**What you will do:**
Take the lines in the listing below from the line with "This, ladies and" up to and including the line with "Let us observe" and set them down exactly, skipping pictures and adding nothing.

**Data under study:**
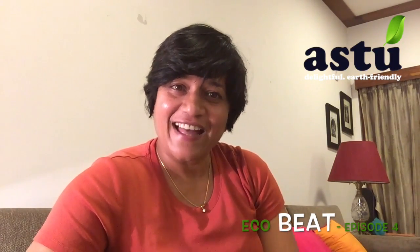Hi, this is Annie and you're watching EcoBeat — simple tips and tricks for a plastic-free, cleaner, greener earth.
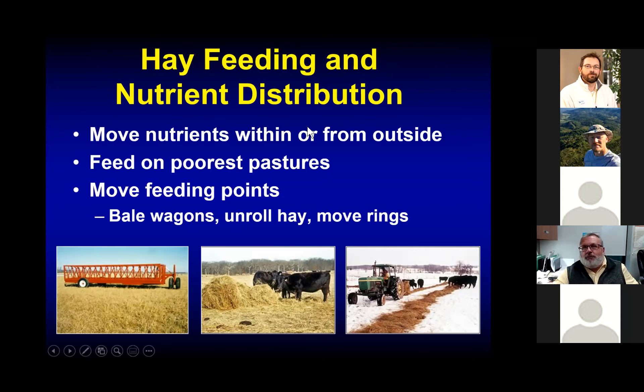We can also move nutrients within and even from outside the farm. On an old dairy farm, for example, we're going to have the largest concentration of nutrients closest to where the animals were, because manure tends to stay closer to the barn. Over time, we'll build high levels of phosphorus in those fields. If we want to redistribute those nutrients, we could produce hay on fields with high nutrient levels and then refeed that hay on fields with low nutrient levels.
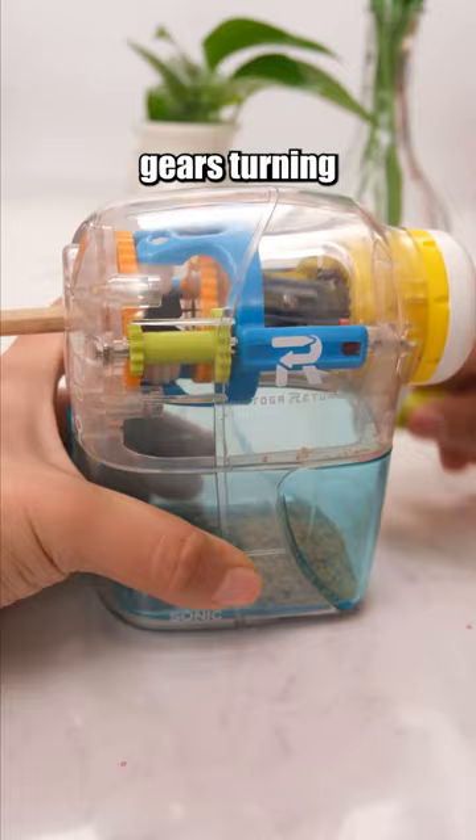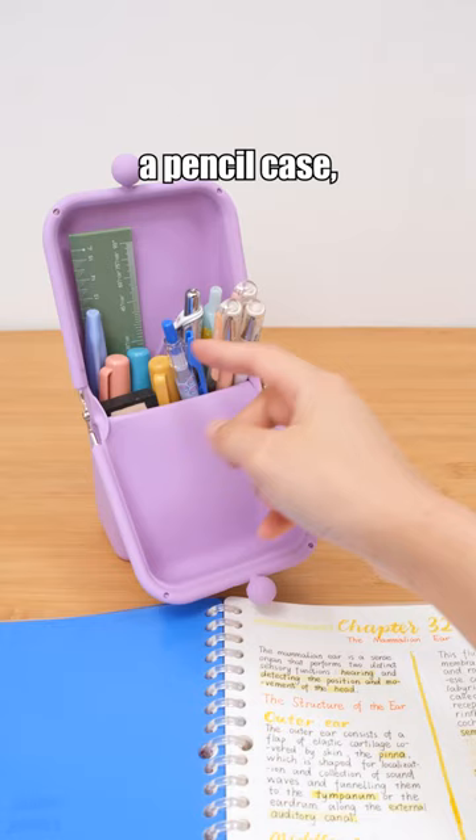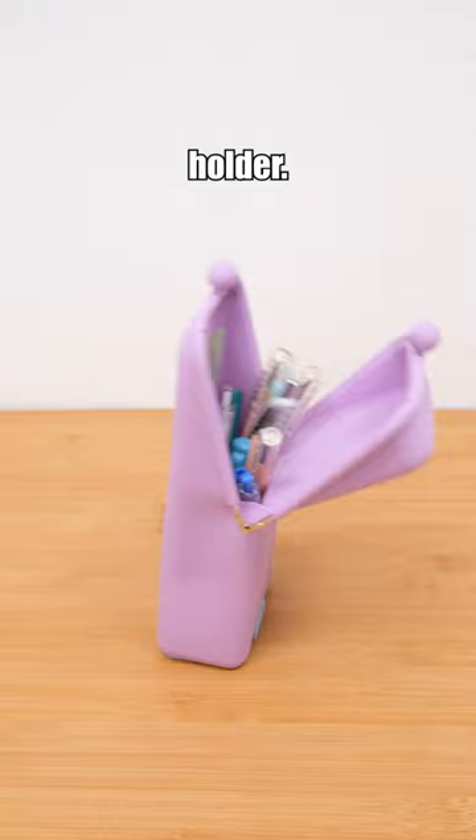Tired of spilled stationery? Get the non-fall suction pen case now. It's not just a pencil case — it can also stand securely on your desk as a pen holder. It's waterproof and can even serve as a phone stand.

==

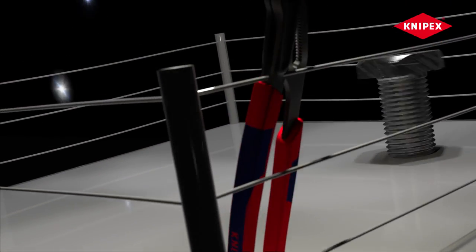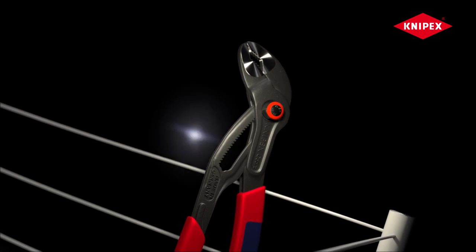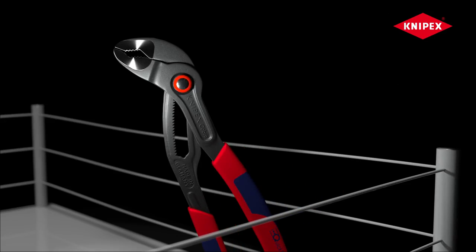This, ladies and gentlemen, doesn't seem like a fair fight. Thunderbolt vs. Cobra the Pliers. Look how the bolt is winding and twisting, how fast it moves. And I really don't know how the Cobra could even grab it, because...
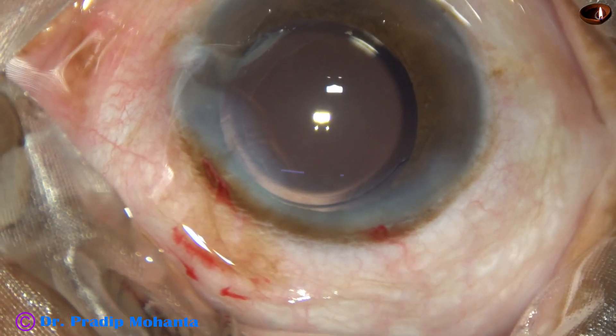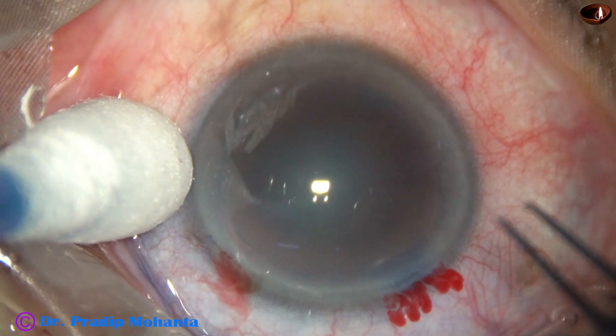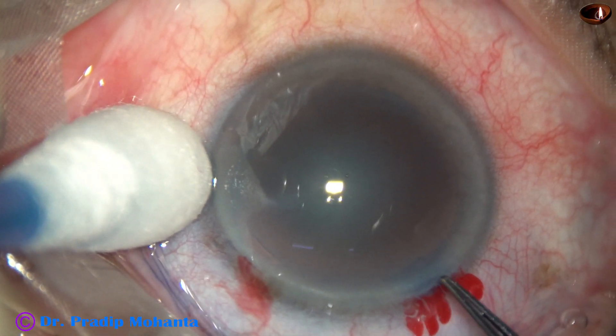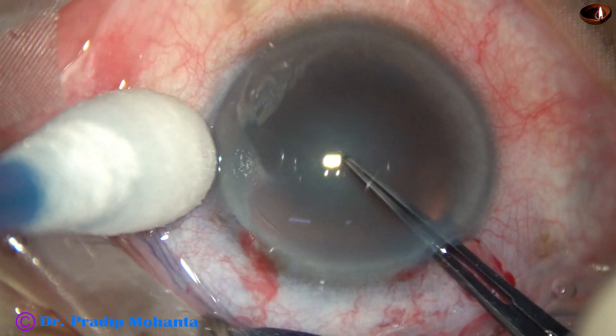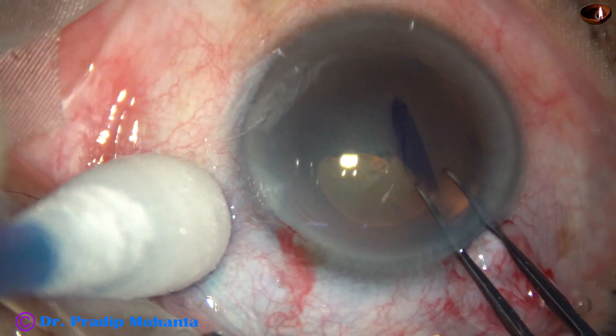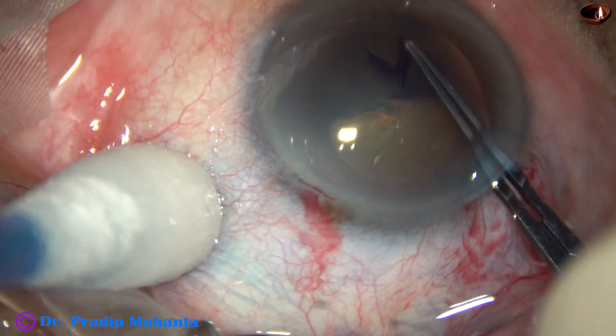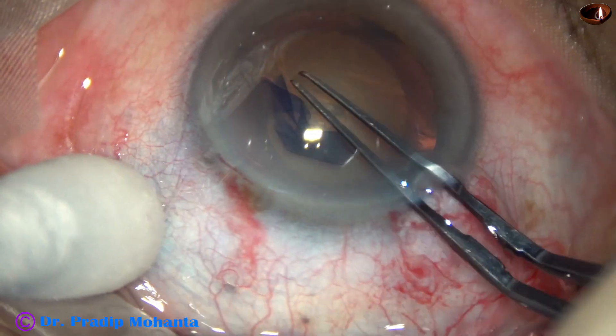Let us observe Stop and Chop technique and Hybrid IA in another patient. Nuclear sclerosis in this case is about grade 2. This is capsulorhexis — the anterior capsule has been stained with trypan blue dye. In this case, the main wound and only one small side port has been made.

**Output below:**
This, ladies and gentlemen, doesn't seem like a fair fight. Thunderbolt vs. Cobra the Pliers. Look how the bolt is winding and twisting, how fast it moves. And I really don't know how the Cobra could even grab it, because...
Let us observe Stop and Chop technique and Hybrid IA in another patient. Nuclear sclerosis in this case is about grade 2. This is capsulorhexis — the anterior capsule has been stained with trypan blue dye. In this case, the main wound and only one small side port has been made.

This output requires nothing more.